Bon Jovi, due parole, tre sillabe, un mistero. Sì, mi rivolgo direttamente a te, Jon, rivedendo il concerto al Madison Square Garden.
Ti ho visto la prima volta nel 1984 a Losanna e sotto i capelli non avrei scommesso proprio su di te, sorry. Alle mie orecchie provocavi solo un gran rumore, e oltre tutto ritardavi l'ingresso dei Kiss in scena. Acquistai il tuo "Runaway" perché mi sembrava doveroso. Al secondo disco, ti bollai come troppo molle. Fine della storia. Invece, furbacchione, con "Slippery when wet" mi hai preso per le orecchie e questa volta me le hai tirate sonoramente. Fatto sta che più di 15 anni fa tu piombasti con la band a Milano e quando un collega si lamentò che era stato costretto ad andare, perché nessuno dei brillanti giornalisti attorno a lui voleva muoversi per quel capellone, mi strappai i capelli tipo fan dei Beatles alla prima maniera.
Poi, confesso, "Wanted dead or alive" per me è un manifesto rock delizioso. Solo per questo sarai assolto a vita se cambierai, Jon. Non sei nella mia top ten del rock, ma ti guardo con grande benevolenza.

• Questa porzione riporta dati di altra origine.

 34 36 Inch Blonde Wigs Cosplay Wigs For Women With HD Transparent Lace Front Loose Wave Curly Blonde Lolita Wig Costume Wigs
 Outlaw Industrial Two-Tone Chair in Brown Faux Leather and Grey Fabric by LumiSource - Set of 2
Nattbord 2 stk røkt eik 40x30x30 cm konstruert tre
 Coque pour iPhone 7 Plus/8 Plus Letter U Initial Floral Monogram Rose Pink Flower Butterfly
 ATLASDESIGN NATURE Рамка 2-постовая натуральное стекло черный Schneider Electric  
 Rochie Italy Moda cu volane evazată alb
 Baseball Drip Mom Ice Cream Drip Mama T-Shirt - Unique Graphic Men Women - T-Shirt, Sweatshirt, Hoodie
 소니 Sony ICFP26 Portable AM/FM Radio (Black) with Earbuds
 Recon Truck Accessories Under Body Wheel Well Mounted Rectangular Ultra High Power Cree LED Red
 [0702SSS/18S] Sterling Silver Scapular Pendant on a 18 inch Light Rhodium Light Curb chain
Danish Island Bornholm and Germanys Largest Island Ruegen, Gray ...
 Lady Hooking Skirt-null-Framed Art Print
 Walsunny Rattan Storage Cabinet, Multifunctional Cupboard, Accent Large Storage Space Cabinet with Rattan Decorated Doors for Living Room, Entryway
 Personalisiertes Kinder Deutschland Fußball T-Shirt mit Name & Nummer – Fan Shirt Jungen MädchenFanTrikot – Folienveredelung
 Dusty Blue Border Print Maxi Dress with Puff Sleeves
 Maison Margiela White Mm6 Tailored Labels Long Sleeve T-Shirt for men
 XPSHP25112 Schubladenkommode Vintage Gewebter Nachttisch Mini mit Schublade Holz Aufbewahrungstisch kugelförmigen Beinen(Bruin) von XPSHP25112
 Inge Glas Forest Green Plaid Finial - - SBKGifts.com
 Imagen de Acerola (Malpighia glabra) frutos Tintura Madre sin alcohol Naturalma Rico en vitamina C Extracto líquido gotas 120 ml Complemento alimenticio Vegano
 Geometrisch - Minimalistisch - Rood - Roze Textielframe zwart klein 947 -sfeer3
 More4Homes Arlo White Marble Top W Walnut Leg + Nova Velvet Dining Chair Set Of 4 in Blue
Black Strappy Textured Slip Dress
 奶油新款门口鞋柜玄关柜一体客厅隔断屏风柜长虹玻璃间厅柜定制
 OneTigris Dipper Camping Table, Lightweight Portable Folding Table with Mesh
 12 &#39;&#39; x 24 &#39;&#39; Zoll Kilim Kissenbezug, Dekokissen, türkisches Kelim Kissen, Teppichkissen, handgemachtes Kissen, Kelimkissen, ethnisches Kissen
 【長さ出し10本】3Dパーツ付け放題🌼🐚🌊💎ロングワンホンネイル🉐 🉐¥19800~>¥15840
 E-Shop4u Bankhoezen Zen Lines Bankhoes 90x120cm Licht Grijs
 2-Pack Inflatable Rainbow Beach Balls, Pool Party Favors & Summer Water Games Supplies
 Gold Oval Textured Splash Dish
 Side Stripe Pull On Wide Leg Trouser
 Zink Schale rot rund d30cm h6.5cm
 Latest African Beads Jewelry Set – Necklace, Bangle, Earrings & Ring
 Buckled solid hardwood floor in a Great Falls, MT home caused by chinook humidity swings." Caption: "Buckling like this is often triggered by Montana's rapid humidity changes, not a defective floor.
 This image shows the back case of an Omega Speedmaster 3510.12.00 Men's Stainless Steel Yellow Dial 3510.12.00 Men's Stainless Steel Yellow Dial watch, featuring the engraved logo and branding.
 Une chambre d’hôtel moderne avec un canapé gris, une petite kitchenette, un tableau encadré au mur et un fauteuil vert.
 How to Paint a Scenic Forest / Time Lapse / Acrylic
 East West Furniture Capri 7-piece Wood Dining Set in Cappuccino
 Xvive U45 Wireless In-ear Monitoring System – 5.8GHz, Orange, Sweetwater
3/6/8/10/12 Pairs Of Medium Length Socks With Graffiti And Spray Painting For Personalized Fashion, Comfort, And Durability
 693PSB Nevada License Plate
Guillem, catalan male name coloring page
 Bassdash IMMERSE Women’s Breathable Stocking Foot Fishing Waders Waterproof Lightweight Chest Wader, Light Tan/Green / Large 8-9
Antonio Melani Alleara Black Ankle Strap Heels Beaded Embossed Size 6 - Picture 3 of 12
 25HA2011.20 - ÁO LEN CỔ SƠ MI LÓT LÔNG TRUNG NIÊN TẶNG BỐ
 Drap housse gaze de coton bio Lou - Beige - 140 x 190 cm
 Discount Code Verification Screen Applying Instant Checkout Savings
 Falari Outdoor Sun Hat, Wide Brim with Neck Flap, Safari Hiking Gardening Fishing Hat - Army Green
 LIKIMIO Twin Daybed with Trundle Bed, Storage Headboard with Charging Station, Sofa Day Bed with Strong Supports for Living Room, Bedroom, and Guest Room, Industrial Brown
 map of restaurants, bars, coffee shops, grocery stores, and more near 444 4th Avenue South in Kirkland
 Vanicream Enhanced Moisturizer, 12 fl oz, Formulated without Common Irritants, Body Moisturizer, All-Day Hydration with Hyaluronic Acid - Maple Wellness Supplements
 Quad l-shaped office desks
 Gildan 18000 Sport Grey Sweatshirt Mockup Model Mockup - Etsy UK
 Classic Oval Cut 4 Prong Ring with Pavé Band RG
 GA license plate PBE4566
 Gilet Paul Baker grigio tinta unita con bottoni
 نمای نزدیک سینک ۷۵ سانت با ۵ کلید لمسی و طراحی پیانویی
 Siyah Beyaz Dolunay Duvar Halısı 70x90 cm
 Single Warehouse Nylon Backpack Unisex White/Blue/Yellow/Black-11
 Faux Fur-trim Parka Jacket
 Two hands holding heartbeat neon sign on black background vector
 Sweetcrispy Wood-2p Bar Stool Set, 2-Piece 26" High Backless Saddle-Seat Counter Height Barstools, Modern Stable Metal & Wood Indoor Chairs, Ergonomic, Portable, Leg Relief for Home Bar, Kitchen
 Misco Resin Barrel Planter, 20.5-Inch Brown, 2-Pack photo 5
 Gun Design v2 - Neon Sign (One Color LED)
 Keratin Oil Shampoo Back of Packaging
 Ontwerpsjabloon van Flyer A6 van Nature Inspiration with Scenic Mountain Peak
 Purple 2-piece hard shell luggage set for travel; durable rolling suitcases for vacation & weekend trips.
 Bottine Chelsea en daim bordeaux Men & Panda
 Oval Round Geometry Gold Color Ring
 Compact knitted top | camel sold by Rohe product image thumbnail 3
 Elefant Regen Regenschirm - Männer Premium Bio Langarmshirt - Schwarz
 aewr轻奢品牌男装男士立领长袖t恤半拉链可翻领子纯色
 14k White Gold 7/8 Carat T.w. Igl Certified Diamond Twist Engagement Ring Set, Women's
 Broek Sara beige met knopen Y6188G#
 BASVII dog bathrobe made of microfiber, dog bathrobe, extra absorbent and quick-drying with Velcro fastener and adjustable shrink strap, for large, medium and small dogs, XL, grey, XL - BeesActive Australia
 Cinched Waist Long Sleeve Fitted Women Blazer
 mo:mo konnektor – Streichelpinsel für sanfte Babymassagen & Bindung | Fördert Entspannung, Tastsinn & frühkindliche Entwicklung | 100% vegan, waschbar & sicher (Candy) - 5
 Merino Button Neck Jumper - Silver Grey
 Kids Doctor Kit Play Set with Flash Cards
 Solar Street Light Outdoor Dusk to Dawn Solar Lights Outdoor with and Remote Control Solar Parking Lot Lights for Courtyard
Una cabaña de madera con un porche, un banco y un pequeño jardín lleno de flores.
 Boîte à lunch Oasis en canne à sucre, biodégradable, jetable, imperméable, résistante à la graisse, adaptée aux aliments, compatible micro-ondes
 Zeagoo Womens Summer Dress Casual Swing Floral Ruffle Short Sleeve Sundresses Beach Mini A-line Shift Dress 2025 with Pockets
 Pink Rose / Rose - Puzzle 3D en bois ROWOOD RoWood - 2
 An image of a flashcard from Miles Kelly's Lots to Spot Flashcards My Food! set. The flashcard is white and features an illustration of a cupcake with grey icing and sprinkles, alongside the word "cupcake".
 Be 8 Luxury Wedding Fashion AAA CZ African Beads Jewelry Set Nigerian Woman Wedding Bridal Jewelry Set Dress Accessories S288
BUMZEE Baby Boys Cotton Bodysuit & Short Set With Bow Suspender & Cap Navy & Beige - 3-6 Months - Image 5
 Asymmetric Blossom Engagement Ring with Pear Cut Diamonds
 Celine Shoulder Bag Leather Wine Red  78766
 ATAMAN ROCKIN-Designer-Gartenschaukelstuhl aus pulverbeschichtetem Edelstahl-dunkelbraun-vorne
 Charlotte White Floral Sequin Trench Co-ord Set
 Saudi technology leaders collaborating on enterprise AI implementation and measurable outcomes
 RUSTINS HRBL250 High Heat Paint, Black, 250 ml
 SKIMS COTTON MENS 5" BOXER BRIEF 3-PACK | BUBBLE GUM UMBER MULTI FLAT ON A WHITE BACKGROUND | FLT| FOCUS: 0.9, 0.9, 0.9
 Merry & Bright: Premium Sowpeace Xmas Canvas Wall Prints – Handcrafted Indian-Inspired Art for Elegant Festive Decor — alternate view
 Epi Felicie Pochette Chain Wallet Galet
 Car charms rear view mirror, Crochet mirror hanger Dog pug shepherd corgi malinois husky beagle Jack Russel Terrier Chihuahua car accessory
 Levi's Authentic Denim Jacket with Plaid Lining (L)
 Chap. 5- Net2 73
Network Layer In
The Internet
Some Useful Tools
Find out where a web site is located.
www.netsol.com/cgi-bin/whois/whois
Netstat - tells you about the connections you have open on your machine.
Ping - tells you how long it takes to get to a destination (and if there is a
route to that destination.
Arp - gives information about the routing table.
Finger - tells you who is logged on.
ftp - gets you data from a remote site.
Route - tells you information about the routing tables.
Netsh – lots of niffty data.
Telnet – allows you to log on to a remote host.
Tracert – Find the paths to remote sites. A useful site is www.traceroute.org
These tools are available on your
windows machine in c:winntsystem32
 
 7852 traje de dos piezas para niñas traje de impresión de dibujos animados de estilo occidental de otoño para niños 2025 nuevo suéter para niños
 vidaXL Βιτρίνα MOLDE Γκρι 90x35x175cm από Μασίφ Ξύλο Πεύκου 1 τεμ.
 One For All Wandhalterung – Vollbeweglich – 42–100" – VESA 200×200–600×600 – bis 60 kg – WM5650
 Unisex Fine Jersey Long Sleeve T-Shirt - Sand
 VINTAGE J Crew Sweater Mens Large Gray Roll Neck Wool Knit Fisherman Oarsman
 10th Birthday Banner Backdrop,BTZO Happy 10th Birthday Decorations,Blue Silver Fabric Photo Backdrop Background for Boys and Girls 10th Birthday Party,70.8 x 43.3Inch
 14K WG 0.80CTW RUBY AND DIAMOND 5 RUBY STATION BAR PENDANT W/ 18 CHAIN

Hai un difetto terribile: sei troppo bello. Ma proprio bello, capisci, hai un volto inossidabile e persino simpatico, un sorriso nato per conquistare il mondo. Non hai neanche un'ombra di maledizione rock e sei sposato con la ragazza che risale dai tempi di scuola. Non fosse stata per quell'ombra dell'attrice che non nomino, saresti stato davvero impeccabile.
E fai pure del bene, Obama ti ha chiamato... Ah, ecco il bello di Bon Jovi, tutto quadra alla perfezione. Roba da rimuoverlo dall'attenzione immediatamente.
Invece no, perché quel sorriso da ragazzo cresciuto (ma non troppo) aiuta far innamorare della vita, ogni giorno.